Obama’s economic policy rests entirely upon the notion that America’s days of bold entrepreneurship are forever behind it, and we must now be carefully protected and managed by an all-powerful government, lest we injure ourselves or the planet in pursuit of our ambitions. As he put it in Chicago: “Do we go forward towards a new vision of an America in which prosperity is shared? Or do we go backward to the same policies that got us in this mess in the first place?”
It’s remarkable to see Obama still running against an empty White House, which has apparently been vacant while “this mess” of double-digit unemployment and crushing debt congealed around our ankles over the past three years. But this idea of “shared prosperity” is more interesting to discuss, because it’s hogwash. It’s one of the most dangerous delusions socialists have succeeded in foisting upon people.
Of course voters generally want the greatest possible number of people in the country to prosper, but that is mutual prosperity, not shared prosperity. Obama’s presumption is that prosperity is a pie that can be divided into equal portions for every diner seated at the national table. Naturally, he also implies that his opponents want to hoard “prosperity” instead of “sharing” it.
This is not a trivial point of semantics. It captures the difference between equality of opportunity and equality of outcome. Obama himself offered lip service to the former, by going on to claim he believes “we have to keep working to create an America where no matter who you are, no matter what you look like, no matter where you come from, no matter what your last name is, no matter who you love, you can make it here if you try.”
But it really helps if you’re a top Obama donor with a bankrupt solar energy company and a bottomless appetite for taxpayer cash, right? He’s using the language of opportunity to disguise an agenda entirely concerned with unequal opportunities, in which the heavy thumb of government is placed upon many scales. A President who has already blown trillions of dollars of our money, to choose winners and losers based on his ideology and the needs of his big donors, wants us to think he’s only interested in giving everyone a fair shake. And of course, there’s the dark implication that Obama’s opponents want an America where it does matter what you look like, where you come from, or what your last name is.
Prosperity is only a product of equal opportunity, fair competition, and the pursuit of profit. It is a function of choice and investment, not mandates and bailouts.

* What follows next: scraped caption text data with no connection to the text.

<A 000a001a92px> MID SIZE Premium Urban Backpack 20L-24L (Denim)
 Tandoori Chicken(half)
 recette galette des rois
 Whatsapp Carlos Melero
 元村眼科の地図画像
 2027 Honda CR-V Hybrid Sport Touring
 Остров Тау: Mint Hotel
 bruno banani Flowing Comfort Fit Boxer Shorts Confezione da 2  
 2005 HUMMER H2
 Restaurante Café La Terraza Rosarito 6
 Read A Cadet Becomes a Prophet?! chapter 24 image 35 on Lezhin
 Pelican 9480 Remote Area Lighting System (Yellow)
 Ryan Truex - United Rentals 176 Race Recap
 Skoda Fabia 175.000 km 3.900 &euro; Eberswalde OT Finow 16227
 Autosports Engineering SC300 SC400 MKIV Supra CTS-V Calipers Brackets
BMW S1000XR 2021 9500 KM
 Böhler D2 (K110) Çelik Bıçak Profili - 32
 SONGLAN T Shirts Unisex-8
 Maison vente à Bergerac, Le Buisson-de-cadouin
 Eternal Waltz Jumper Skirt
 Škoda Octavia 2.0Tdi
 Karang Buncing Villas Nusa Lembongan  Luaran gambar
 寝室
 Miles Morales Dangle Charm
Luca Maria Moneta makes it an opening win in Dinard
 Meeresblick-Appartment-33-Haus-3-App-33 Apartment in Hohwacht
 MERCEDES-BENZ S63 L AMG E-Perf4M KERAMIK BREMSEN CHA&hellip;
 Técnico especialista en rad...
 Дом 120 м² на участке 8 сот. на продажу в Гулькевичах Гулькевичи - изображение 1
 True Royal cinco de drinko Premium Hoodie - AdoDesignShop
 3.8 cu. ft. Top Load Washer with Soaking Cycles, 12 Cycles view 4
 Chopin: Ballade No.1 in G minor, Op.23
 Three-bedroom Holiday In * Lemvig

It grows from the discovery and exploitation of opportunity, not rigid obedience to a political agenda. It flows from the pursuit of excellence – a difficult path that offers no guarantees of success. It’s about capturing a prize, not accepting an allowance.
A high level of mutual prosperity comes when a great many people throw extraordinary talent and effort behind their endeavors. They’re less willing to run that sort of race when they see someone like Barack Obama standing at the finish line, ready to confiscate their rewards. No exercise of government power can ever replace the way free people challenge and inspire one another through competition.
Increasing the size of government diminishes the private sector, and takes us further away from the free and competitive environment that fosters the highest level of general prosperity. It also chokes off the revenue stream that funds both charitable benevolence, and the government’s effective performance of its minimal sworn duties. The charity of a strong private sector is worth far more to the downtrodden than Obama’s notion of “shared prosperity” – which works out, in practice, to the redistribution of misery.
It is a monstrous lie to claim that government can will some sort of smooth and level affluence into existence for all of its citizens. It can’t even guarantee them subsistence, let alone the kind of wealth and success Americans have in mind when they think about “prosperity.” Obamanomics is all about re-defining the term to mean food stamps instead of stock certificates.